Korte entered the state championships at Dwight T. Reed Stadium in Jefferson City ranked 11th among 16 runners. Her goal, Houston track coach Chris Edwards said, was simply to make the finals.
Korte ran a 12.54 in the prelims — her fastest time of the season and the third-fastest of her competitors. Her time in the finals was the second-fastest of the year.
Spice Brown of Barat Academy won the 100 in 12.40. Hartville’s Jasmin Hughes was second with a time of 12.43. Just two-thousandths of a second separated Korte and University Academy Charter’s A’Yonna Cartwright, who finished fourth.
“The one thing about Bethany is if she’s close, she’s going to get you at the end. She’s just a battler,” Edwards said.
Korte had little time to compete in the long jump. The event began at 2 p.m. Houston’s graduation was scheduled to begin at 4. With the officials’ permission, Korte was able to take her four jumps in a row without a break.
At that point, Korte said she was more focused on getting home.
“I bolted. I was ready to get to graduation,” she said.
Jones missed medal spots in both his events by just one place.

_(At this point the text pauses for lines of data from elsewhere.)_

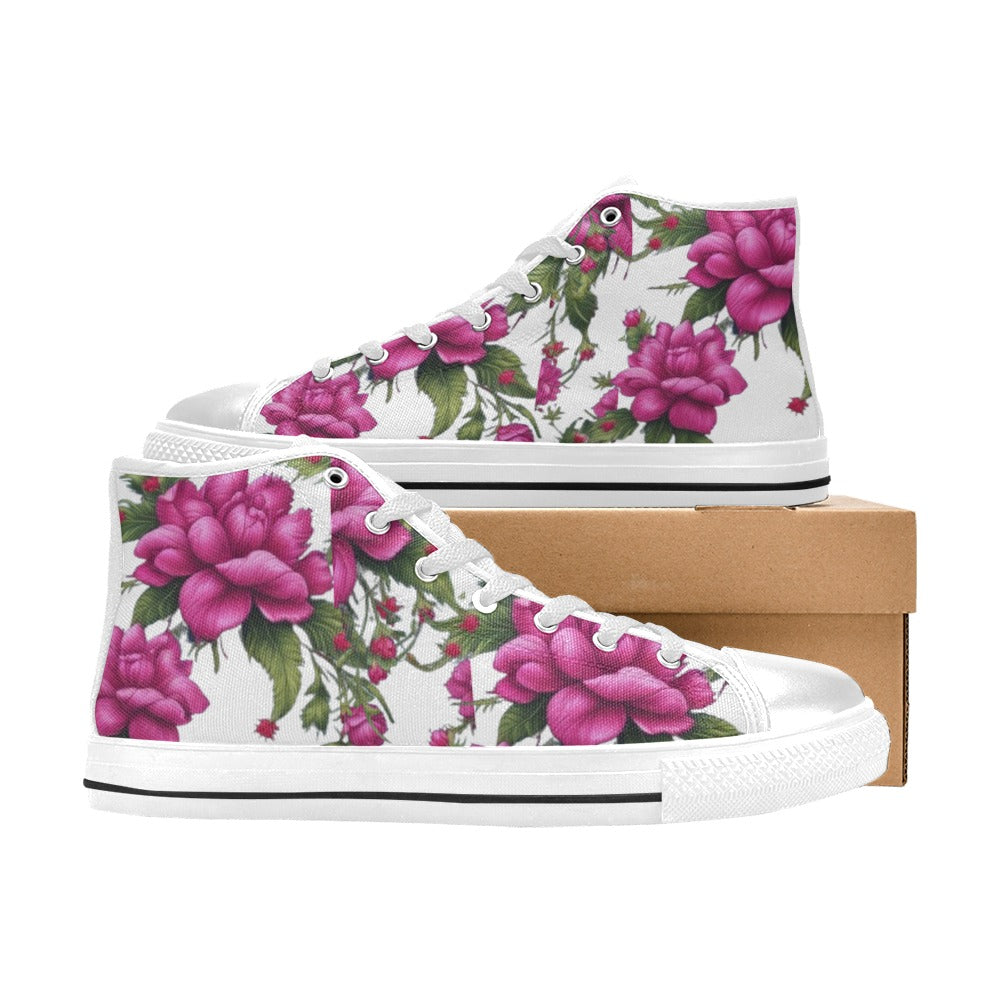 R&RH Fushia Roses Women's Classic High Top Canvas Shoes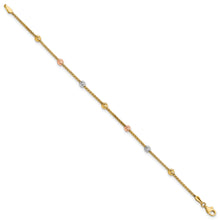Load image into Gallery viewer, 14k Tri-color Diamond-cut 7-Station Bead and Chain Bracelet
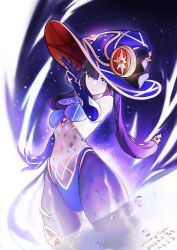 1girl artist_name bare_shoulders black_hair blue_gloves blue_hat blue_leotard dated genshin_impact gloves green_eyes hair_between_eyes hat highres leotard long_hair mona_(genshin_impact) navel see-through_clothes solo twintails very_long_hair vimpcylin witch_hat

He jumped 19 feet, 4 inches in the long jump to finish ninth. The top eight finishers receive medals. In the high jump, he tied with four others for eighth spot but placed 12th based on the order of jumps.
“As a sophomore, to make it in two events and do well, that bodes well for him in the future,” Edwards said.
The meet was the final one as a coach at Houston for Edwards, who resigned his football and track responsibilities and will leave the district next year. He said he took pride in advancing two athletes to state in his last season.
“To be able to see Bethany on the podium finishing third and the culmination of all our hard work, what a way for me to finish my career here,” Edwards said.